吾助は、それほどに間隔の狭い櫛の歯を「板に印もつけもせず、勘だけで均等に引くことができる」名人でした。

本書『櫛挽道守』では、父親のような櫛職人になることを目指す、吾助の娘登瀬の半生が語られます。

 

時代は黒船が来航し、攘夷勢力と勤皇の思想との激しい対立が渦巻いている中、登瀬は藪原にある家の職場である板の間しか知らずに暮らしていた。

しかし、時代の波はそうした藪原にも押し寄せる。事故により跡取りである息子直助を亡くした吾助の一家は、登瀬の願いに応え、婿を取ることになるのだった

 

その他の重要な登場人物として登瀬の弟の直助の存在があります。本書の節々に、早世した直助の書いていたという物語が登瀬の前に現れます。

同時に、直助の書いた物語の載った草紙を、直助と共に旅人に売っていた源次という男も登瀬の心の片すみに残る男として現れます。

もう一人実幸というこれもまた天才肌の男が職人として吾助と登瀬の前に現れ、登瀬の家に住み込みとして働き、吾助の技を学んでいきます。この男もまた重要な役目を担っています。

 

本書『櫛挽道守』は、登瀬という女性の成長譚であると同時に、名人である吾助一家の家族の物語でもあり、登瀬の婿との夫婦の物語という側面も持っています。

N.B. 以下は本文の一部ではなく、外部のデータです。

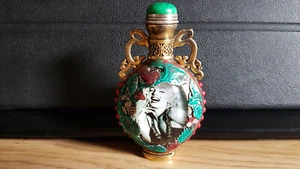 Copper snuff bottle Woman statue collectable gift - Picture 1 of 9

ただひたすらに藪原で櫛を作る職人でありたいと願う登瀬ですが、その人生は決して明るいものではなく、この物語も全体として重いトーンで進みます。

 

とても「新選組 幕末の青嵐」を書いた作者と同一人物とは思えない雰囲気です。この本を先に読んでいたら、多分他の本は読まなかったのではないでしょうか。私の好みのタッチとは異なるのです。

 

 

でも、家に仕えるのが当たり前であったこの時代で、職人になるというその思いがいかに大変なものであったことか。

その中で自分の意志を貫こうとする一人の女性の強い生き方の物語として見た場合、物語としても引き込まれて読む人は多数いるのではないでしょうか。

 

例えば、一人の女性の生きざまを描き出した作品として朝井まかての『恋歌』や高田郁の『あい―永遠に在り』などがあります。

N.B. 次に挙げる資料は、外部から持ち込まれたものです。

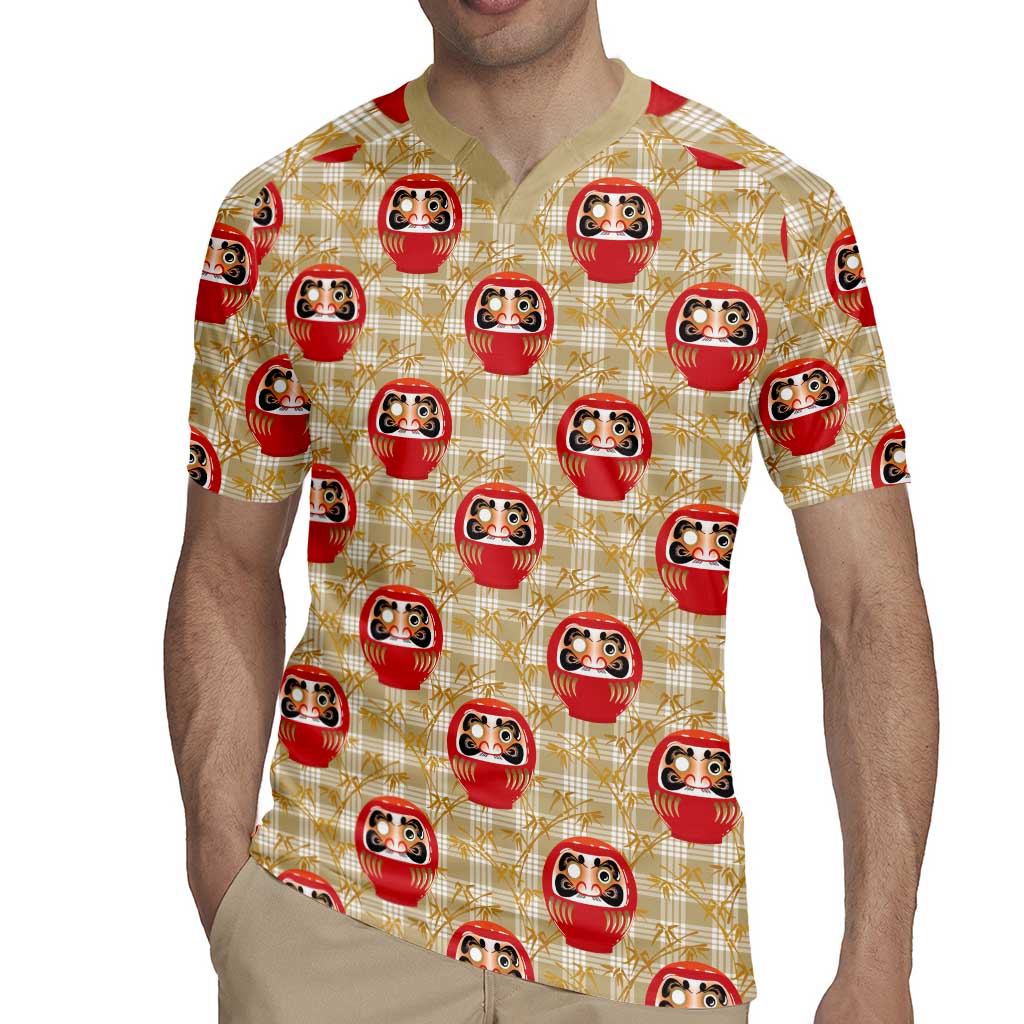 Japanese Daruma Doll Rugby Jersey Palaka With Seamless Bamboo Pattern - Polynesian Pride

これらの作品は、ひたすらに夫を想いながら自分の生き方を貫く女性を描いた作品でしたが、これらとはまた異なり、本作品は職人になるために打ち込む女性を描いた作品として魅力的です。

 

 

本書『櫛挽道守』は、けっして私の好みの作品ではなかったのですが、それでもなお主人公の登瀬の姿には惹きつけられるものがあり、小さな感動を呼ぶ作品でした。

蛇足ながら、「木曽のお六櫛公式サイト」では「薮原では一口に『お六櫛』と総称していますが、その種類は多義にわたり、梳き櫛・解かし櫛・挿し櫛・鬢掻き櫛などがあります。」と記されていて、若干『お六櫛』についての説明の記述が違います。少々気になりましたので記しておきます。

新選組 幕末の青嵐

『新選組 幕末の青嵐』は、多視点という新たな観点から新選組を描き出す、長編の時代小説です。

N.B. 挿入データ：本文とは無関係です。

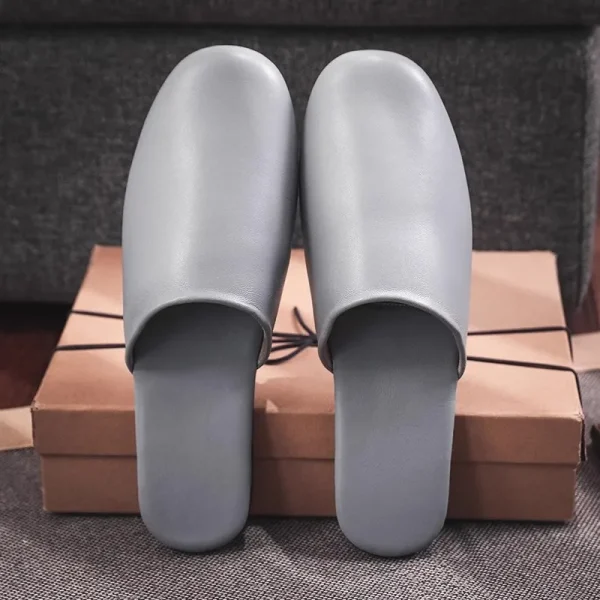 Chaussons cuir mouton retourné homme Gris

新選組の主な構成員の夫々に均等に光を当て、短めの項立ての中で客観的に新選組を浮かび上がらせているその構成がユニークで、新しい新選組の物語と言える、かなり読みごたえのある小説でした。

身分をのりこえたい、剣を極めたい、世間から認められたい―京都警護という名目のもとに結成された新選組だが、思いはそれぞれ異なっていた。土方歳三、近藤勇、沖田聡司、永倉新八、斎藤一…。ひとりひとりの人物にスポットをあてることによって、隊の全体像を鮮やかに描き出す。迷ったり、悩んだり、特別ではないふつうの若者たちがそこにいる。切なくもさわやかな新選組小説の最高傑作。(「BOOK」データベースより)

 

本書『新選組 幕末の青嵐』は、これまで良く知られている新選組の物語ではあるのですが、特定の個人を取り上げて論じているのではありません。項毎に特定の人物の視点を借り、他の構成員や新選組の出来事をその人物の主観を通して描き出しています。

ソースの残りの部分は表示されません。